The larger question is, to what extent do cultural attitudes and beliefs shape the business environment in Latin America? Why would Ivan wish for Boris’s goat to die, rather than seeking a goat of his own? What, if any, is the link between culture and economic development? In this column, taking guidance from strategic guru Michael E. Porter, I focus only on the more limited question of “economic culture.” That is, the attitudes, beliefs, and orientations that influence our economic activities.

I must note that many economists are unconvinced of a strong link between cultural values and economic development. To them, independently of culture, the appropriate economic environment leads to the same results everywhere. To these economists, what matters is the “hardware” of policies conducive to economic growth and not the “software” of culture. Their point is made, for example, by Latin Americans, who, unable to progress in the economic environments of their home countries, flourish in the United States: same culture, different environments. Why are they unproductive at home and enterprising away?

On the other hand, the “software” proponents can also point to examples to substantiate the role of culture. In multicultural countries, under the same economic environment, we find that some ethnic groups do better than others.
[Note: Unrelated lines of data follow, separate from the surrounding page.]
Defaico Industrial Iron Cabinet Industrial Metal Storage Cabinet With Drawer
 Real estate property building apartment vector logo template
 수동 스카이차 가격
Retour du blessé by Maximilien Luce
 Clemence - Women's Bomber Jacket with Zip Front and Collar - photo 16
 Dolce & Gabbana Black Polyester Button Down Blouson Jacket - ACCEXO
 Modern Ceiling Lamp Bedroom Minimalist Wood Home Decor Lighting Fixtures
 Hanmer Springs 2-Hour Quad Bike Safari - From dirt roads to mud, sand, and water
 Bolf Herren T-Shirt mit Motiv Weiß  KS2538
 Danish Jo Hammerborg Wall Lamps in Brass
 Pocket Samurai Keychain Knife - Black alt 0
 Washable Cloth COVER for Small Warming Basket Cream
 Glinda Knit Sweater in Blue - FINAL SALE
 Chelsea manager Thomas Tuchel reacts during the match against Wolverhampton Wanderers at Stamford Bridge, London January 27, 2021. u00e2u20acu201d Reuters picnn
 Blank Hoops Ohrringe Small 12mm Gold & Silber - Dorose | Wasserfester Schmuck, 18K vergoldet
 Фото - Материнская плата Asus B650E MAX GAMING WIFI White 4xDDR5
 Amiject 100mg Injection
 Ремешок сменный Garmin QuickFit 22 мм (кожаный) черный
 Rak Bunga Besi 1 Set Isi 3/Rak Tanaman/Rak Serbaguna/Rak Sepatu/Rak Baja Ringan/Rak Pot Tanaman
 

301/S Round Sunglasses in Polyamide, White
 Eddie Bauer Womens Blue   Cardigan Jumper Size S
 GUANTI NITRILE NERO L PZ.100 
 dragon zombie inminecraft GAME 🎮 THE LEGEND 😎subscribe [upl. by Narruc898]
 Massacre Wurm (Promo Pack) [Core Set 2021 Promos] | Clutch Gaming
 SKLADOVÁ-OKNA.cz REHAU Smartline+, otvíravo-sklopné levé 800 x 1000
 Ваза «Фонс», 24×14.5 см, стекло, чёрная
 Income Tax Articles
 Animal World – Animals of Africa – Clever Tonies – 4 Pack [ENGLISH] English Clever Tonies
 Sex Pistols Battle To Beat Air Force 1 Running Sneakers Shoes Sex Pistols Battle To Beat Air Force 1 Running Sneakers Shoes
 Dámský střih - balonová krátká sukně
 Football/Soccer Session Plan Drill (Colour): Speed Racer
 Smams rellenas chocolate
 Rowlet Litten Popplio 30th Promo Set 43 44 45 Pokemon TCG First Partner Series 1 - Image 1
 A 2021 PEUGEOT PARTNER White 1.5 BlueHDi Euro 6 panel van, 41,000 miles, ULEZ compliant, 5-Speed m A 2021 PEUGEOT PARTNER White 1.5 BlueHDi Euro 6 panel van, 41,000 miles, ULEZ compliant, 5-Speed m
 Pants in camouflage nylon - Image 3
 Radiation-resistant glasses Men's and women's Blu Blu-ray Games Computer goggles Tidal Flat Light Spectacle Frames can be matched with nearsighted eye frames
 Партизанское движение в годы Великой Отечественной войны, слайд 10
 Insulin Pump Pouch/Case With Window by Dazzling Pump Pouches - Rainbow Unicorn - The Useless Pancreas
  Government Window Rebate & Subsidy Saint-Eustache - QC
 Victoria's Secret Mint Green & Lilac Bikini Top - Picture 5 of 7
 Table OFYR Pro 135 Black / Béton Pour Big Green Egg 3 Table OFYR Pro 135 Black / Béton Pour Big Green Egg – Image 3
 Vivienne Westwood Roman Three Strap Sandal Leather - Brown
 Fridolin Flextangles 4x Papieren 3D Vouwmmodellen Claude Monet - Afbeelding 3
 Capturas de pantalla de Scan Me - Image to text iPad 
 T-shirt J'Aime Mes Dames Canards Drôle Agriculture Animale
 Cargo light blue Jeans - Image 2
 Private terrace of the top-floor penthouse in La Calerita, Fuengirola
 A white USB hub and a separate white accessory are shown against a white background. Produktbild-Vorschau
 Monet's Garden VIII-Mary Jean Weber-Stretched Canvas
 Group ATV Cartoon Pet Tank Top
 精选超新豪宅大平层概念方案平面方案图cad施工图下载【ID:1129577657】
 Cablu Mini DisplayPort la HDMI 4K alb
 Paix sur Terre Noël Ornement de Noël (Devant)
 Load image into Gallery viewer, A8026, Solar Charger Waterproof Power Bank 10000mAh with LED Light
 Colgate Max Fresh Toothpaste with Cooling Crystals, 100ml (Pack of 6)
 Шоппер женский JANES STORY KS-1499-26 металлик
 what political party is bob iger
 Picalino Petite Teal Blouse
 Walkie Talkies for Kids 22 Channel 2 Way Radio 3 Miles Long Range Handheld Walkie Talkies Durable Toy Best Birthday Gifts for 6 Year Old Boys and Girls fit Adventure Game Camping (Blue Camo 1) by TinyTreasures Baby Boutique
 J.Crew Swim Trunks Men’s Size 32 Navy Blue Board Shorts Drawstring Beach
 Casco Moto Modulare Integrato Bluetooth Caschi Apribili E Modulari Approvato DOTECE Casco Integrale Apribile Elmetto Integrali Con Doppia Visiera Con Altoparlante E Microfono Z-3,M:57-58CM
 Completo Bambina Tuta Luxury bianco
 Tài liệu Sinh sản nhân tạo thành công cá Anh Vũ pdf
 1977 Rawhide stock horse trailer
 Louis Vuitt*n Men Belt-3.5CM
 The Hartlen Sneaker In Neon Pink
For example, Vietnamese and Cubans in the United States, and Jews wherever they go. Some scholars use this thesis of cultural differences to explain the success of the Marshall Plan in Europe, and the failure of the Alliance for Progress in Latin America: same policy objectives, different cultures.

Porter argues that, although an economic environment conducive to growth is essential, a nation’s prosperity is determined by the productivity with which it uses its natural, capital and human resources. It is not enough to put in place the right policies; we must also seek to change the cultural software. Yet, promoting cultural change in Latin America has always been deemed an offensive American condescendence.

Maybe, but the intractability of the problems of poverty suggests that, cultural change should not be ignored in the search for solutions. Economic development solutions require more than, opening the economy, lowering interest rates, freeing up trade, and the like. Something is needed to change the toxic anti-business culture. Sociologists tell us that; economic behavior is influenced by what we perceive is the best way to advance economically. The Latin American perception is that the best way to advance economically is through government favors, monopolistic control of resources, political power, and such.

These perceptions need to be replaced by values that enhance productivity such as: capitalism is good, innovation is good, investment in capabilities and technology is good, employees are assets, etc. In other words, a change in economic culture is needed.

The good news is that such a change is possible. “The way people behave in a society has much to do with the signals and the incentives that are created in the economic system in which they live.” (Porter) Thus, an unproductive economic culture is more the consequence of having been guided by flawed economic theories, than the consequence of embedded cultural attributes. If much of our economic culture is learned from the economy, then, economic culture can be modified.

In his essay, Cultures Count, Samuel Huntington cites Patrick Moynihan’s wise assessment of the role of culture in human affairs: “The central conservative truth is that it is culture, not politics, which determines the success of a society. The central liberal truth is that politics can change a culture and save it from itself.” In Latin America, the culture needs to be for Ivan to aspire to his own goat or two.